Nasza Loteria SR - pasek na kartach artykułów

Spokojnie opowiada o dyscyplinie, w której pociąga go szaleństwo [WYWIAD]

Redakcja
Mikołaj chciałby, żeby baseball stawał się w Polsce coraz popularniejszy
Mikołaj chciałby, żeby baseball stawał się w Polsce coraz popularniejszy Paweł Kaniak
115 młodych, utalentowanych zawodniczek i zawodników otrzymało stypendia sportowe marszałka województwa. Wśród nich są trzy osoby trenujące w klubach z terenu powiatu bydgoskiego. Dziś przedstawiamy Mikołaja Zerę, który gra w Osielsku w baseball.

Uprawiasz oryginalną i ciekawą dyscyplinę sportu, ale raczej mało popularną w naszym kraju. Jak to się stało, że zacząłeś trenować właśnie baseball?

To jest rodzina historia, bo w baseball grał wcześniej mój starszy kuzyn, którego często odwiedzałem, a na mecze zabierał mnie tata. W ten sposób poznałem trenera Jacka Baumgarta, który namówił mnie do przychodzenia na treningi. Spodobał mi się ten sport. Znalazłem w baseballu coś, czego brakowało mi chociażby w piłce nożnej. Trenuję już ponad pięć lat.

Co tak cię zafascynowało?
W tej grze trzeba być cały czas skupionym, ponieważ boisko jest duże, piłka mała i może wszędzie polecieć. Dużo się dzieje, jest wiele akcji i adrenalina oraz dawka szaleństwa, gdy biegnie się między bazami.

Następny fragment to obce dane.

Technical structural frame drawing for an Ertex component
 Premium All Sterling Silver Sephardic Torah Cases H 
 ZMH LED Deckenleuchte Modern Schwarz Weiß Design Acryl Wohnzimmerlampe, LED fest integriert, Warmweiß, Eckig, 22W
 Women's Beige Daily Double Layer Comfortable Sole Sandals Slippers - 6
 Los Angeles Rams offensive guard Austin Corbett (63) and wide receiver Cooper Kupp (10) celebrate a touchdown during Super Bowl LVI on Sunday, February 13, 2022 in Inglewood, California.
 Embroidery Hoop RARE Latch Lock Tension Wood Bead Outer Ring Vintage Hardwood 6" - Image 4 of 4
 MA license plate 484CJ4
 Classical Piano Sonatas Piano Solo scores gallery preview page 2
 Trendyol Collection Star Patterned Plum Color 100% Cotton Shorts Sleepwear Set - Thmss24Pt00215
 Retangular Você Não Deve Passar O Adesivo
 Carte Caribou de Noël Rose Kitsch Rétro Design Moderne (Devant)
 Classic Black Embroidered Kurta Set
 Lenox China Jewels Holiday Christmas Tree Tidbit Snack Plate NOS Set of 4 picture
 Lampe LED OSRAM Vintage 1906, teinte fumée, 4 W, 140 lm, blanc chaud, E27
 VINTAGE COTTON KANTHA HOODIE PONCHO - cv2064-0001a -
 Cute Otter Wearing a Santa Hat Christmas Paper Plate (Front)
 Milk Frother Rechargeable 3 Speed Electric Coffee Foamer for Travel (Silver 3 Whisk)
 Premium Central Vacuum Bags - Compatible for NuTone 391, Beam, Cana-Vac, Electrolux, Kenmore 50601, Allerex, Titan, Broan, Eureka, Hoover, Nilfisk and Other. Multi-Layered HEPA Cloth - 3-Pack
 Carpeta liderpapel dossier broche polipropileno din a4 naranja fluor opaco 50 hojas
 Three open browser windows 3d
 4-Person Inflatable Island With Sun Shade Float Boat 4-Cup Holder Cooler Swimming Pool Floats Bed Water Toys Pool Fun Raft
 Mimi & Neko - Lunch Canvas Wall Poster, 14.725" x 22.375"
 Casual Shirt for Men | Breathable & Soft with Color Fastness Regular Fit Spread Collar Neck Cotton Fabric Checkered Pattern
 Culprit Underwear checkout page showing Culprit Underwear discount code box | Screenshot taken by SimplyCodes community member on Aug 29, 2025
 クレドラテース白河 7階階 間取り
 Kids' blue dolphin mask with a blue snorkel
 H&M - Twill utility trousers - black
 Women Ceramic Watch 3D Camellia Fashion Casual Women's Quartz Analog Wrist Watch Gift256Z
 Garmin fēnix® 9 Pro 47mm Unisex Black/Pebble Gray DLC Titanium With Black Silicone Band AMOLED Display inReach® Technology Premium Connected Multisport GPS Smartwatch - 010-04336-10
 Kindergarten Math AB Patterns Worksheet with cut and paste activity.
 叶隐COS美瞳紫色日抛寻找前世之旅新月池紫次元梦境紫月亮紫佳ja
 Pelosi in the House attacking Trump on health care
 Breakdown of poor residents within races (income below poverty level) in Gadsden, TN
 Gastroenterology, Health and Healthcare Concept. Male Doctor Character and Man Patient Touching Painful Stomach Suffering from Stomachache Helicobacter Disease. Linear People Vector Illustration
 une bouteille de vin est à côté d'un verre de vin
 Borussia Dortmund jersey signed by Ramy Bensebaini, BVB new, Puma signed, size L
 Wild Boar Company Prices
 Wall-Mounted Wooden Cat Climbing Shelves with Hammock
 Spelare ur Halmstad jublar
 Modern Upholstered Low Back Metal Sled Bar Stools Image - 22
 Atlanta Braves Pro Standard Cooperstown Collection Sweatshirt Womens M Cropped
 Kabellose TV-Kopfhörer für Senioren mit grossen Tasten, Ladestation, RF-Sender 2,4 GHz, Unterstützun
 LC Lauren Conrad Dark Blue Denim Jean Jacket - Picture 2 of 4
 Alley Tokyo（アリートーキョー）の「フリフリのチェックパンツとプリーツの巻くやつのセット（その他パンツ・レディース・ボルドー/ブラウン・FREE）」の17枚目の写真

Twoimi idolami są zapewne amerykańscy gracze. Czy zbierasz karty z wizerunkami znanych zawodników? Takie kolekcjonerstwo jest modne w Stanach Zjednoczonych, ojczyźnie baseballu.
Lubię Dustina Pedroia, który gra na pozycji drugobazowego, tak jak ja. Podziwiam też Ichirō Suzuki, Japończyka z amerykańskiej ligi. W dzieciństwie graliśmy z kuzynem takimi kartami, wymyślaliśmy własne zasady, ale dziś już ich nie zbieram. Wolę skupiać się na trenowaniu.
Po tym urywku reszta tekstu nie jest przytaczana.